Apparently, if you were watching, say, Torvill and Dean and
you “didn’t look at their feet, there’s no
difference”. As in ice skating, there are individual and
pairs events, short and long programs scored for the technical
and artistic merit. Sutcliffe concedes that his very first
effort had little of either.
“It
was really shocking,” he laughs. “I remember the coach
gave me the music, that song ‘Delilah’. It was only
instrumental, but I remember hating it at the time. After that
I progressed to Elton John’s ‘Funeral For A
Friend’. Back in `82 that was a big thing.”
After
his first international appearances in 1985, Sutcliffe
continued to climb up the ranks and by 1990 he had reached
World No 2. The following year, the death of his brother
precipitated a fall in form, but he soon regained momentum,
winning top accolades a few years later. A disappointing
performance in 1996 led to “time out”, as he calls it, but
now Sutcliffe's ready to, well, roll once more.
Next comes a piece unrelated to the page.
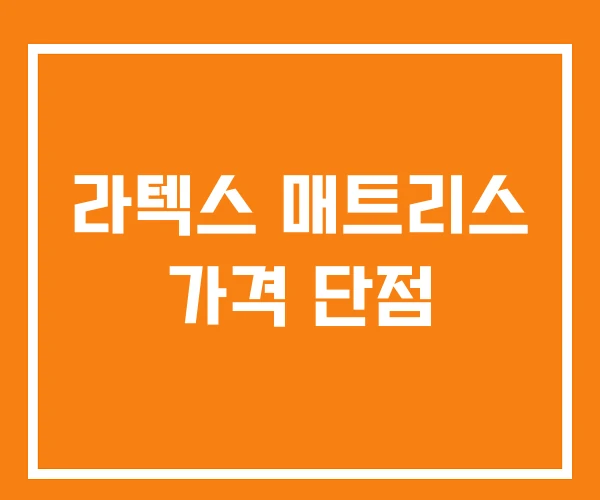 라텍스 매트리스 가격 단점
And it is his
more relaxed attitude towards the sport’s niggling details
that seems to be affording him the energy to do so.
When
asked to recall his favorite roller moment, it’s not the
major accomplishments that come to mind. “Winning [the World
Championship] is obviously up there,” he says, “but I
don’t think it was an all-time high because I didn’t
really perform at optimum level. I sort of felt like the best
of a bad bunch. I’d say that last week on the Gold Coast was
one of the best I’ve had. It was the most I’ve really
enjoyed it. I knew I was going to be hammered by the judges
and I just did it for me – this is what I’m wearing, this
is what I’m comfortable in and I’m just going out there. I
really got a kick out of it.”
It
would appear that his photo shoot for blue gave him a
similar buzz. When asked how it went, Sutcliffe’s voice
rings with a combination of mischief and disbelief. Suffice to
say, skating nude along Sydney’s perpetually busy Cleveland
Street was a first. So was being threatened with a charge of
public indecency.
“During
the last shot the police happened to sport me, so I skated off
in to a shop,” he laughs. After a brief dressing down, so to
speak, from two officers trying to suppress the giggles,
Sutcliffe was free to go.
So
does he expect his latest appearance to cause ripples through
the competition circuit? “Yeah, I hope so,” he laughs.
“I think I’ll take a few copies with me.”